There is a big game of bluff going on. The fact that all four bidders in the collapsed Great Western franchise have filed a court case to try to reclaim the money lost in the bidding process does not mean they want to go to court. Quite the opposite. They are merely putting pressure on the  Department to cough up.

However, as often is the case with railway companies, they fail to understand the politics. Don’t these companies ever employ experienced Westminster advisers? The government’s case looks watertight. As the BBC’s transport correspondent Richard Westcott points out, bid specification says: ‘Each bidder shall be responsible for all costs, expenses and liabilities incurred by it in connection with the Great Western franchise letting process, whether or not its bid and/or associated negotiations are ultimately successful or the process is subsequently varied in any way or terminated.’ That’s pretty unequivocal.

So are the politics. A word to the companies. Let  me tell you guys, that train operators are not actually top of the hit parade of popularity. You would be mistaken to think  that because  satisfaction ratings are relatively high means that the public will support your action. This action will merely intensify the view that you are just a  money-grabbing short-term bunch of rapacious capitalists – or privateers to use Bob Crow’s favourite expression.

And so the Department will  hold firm knowing that there is no legal or political reason to give in, and because paying back the bid costs means that it will be open season on any future deals.

So why on earth are the train companies going there? Are they all so desperate to recoup a tawdry few million that they are risking their future relationship with teh Department? All that will happen is that  a lot of people including many influential ones will simply wonder whether this daft process of franchising out the whole railway is worth it and ask, yet again, ‘what is franchising for’ So guys, don’t go there. You portray yourselves as businesses ready to take a risk in order to make a profit,but in fact this action just shows that you want easy risk free money. Three out of four of the bids would have been wasted anyway – why on earth should the state reimburse all four!

  • stimarco

    While you’re on the subject: what *is* franchising for? You keep asking the question, but after roughly 20 years, I’ve never heard anyone give a reasonable answer.
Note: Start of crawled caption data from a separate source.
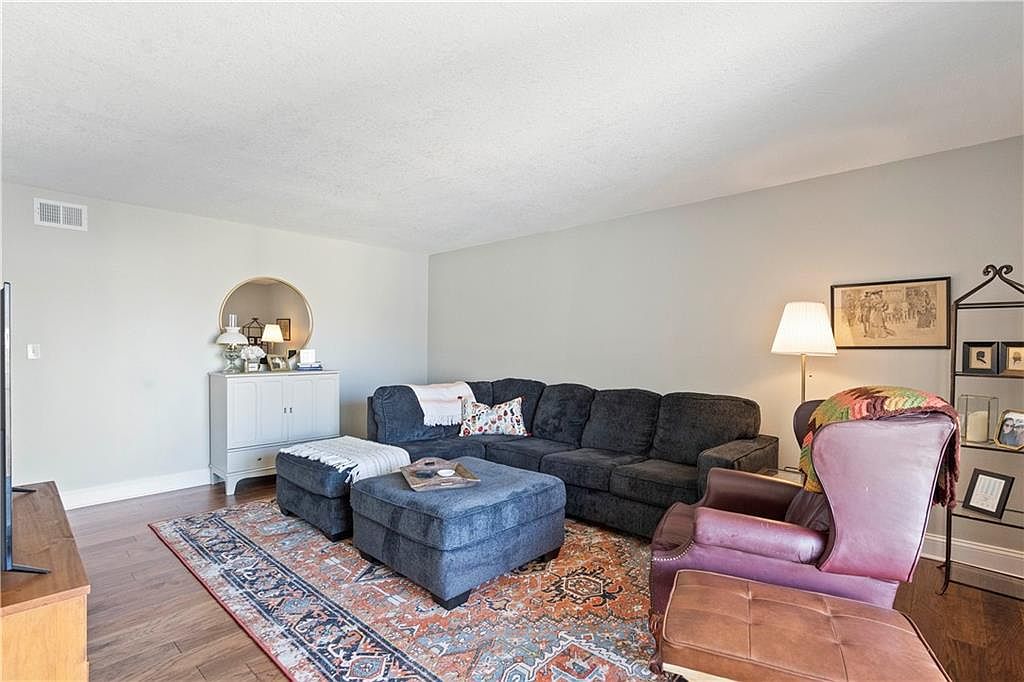 10240 W 96TH TERRACE — photo 8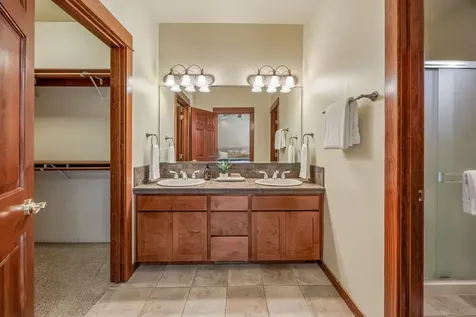 2718 Takelma Way Ashland OR 97520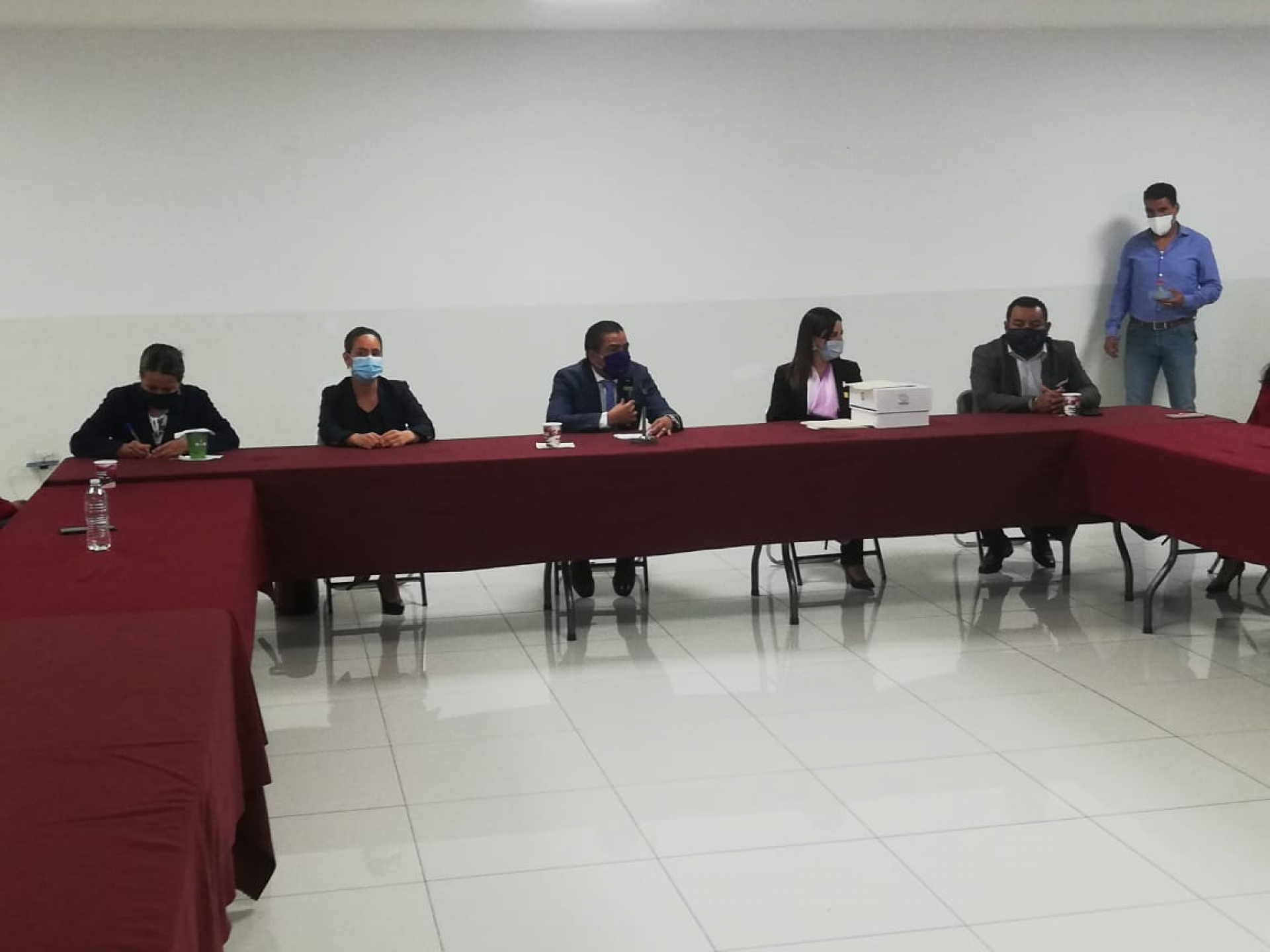 Entrega Hacienda iniciativa de Ley de Ingresos y Presupuesto de Egresos 2021
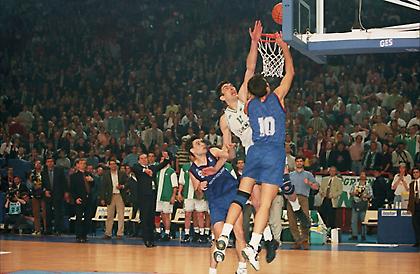 Τριάντα χρόνια από το πρώτο: Η μέρα που ο Παναθηναϊκός το σήκωσε στο Παρίσι-Οι ιστορίες πίσω από την ιστορία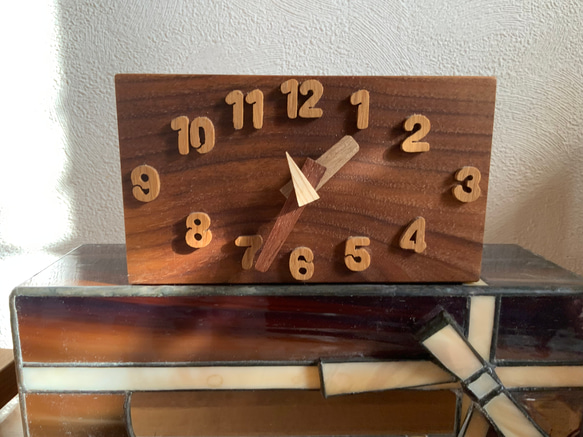 木製置き時計　手作り　楕円形に並ぶ文字符　ウォールナット 1枚目の画像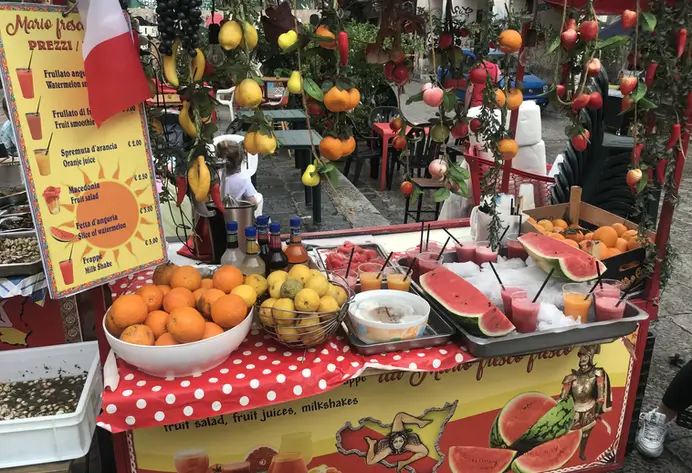 Auf dem Platz der Vucciria werden gegen Abend viele frische Speisen angeboten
    Are we stuck with it solely because MPs hate admitting fault? Have we suffered a generation of error because our politicians aren’t big enough to say they’re sorry? To admit that, yes, they’re only human after all and they can, and do, make mistakes – just like the rest of us? Because we already know that. An endless parade of scandals and issues of Private Eye magazine have given us ample evidence of it.
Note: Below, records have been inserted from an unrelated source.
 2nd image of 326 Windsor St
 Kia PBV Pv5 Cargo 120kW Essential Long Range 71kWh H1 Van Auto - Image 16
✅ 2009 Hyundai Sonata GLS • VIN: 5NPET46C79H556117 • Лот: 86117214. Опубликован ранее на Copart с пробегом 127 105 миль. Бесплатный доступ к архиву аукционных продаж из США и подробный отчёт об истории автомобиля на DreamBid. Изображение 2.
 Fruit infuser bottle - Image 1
    For the life of me, I cannot understand why we haven’t simply replaced the entire system wholesale with one based on the Italian, French or German models. John Major’s administration was fine with tearing out the entirety of British Rail. It was a mistake to replace it with the overcomplicated mess his team imposed, but at least he had the gonads to actually *do* it. Since then, we’ve had Blair, Brown and “Cameron-Clegg”, none of whom have done a damned thing to fix the underlying interface design issues.

  • Jerry Alderson

    This is one of the best written and most succinct comment pieces I have read in a long while. As a business consultant it is exactly the advice I would have given to my clients. The only point you did not make is that by all train groups acting together it looks like a cartel, and shows that the one thing that privatisation is supposed to bring – competition – does not really exist.

  • Stephen Lawrence

    “Three out of four of the bids would have been wasted anyway” – point well made! I still think they *are * spending too much money on these bids…..perhaps, like political campaigns, there should be a limit…?

  • montmorency

    What actually was wrong with British Rail (at least, what was wrong, that a bit more serious investment wouldn’t have put right)?

    And is the German system that much better? Germans tell me it was better under the old fully nationalised DB than under the present arrangements. And from my own limited observation when in Germany, it’s no longer possible to buy a walk-on walk-off ticket at a reasonable price, for non-trivial journeys; you have to book in advance and lose flexibility to travel at affordable prices (like here); trains are late more often; there are fewer people around to ask for help; dining cars have been withdrawn on some routes.

    To answer my own question: of course it’s still better than here – Germans being Germans would pull out their toenails sooner than put up with our system – it’s just not as good as it was.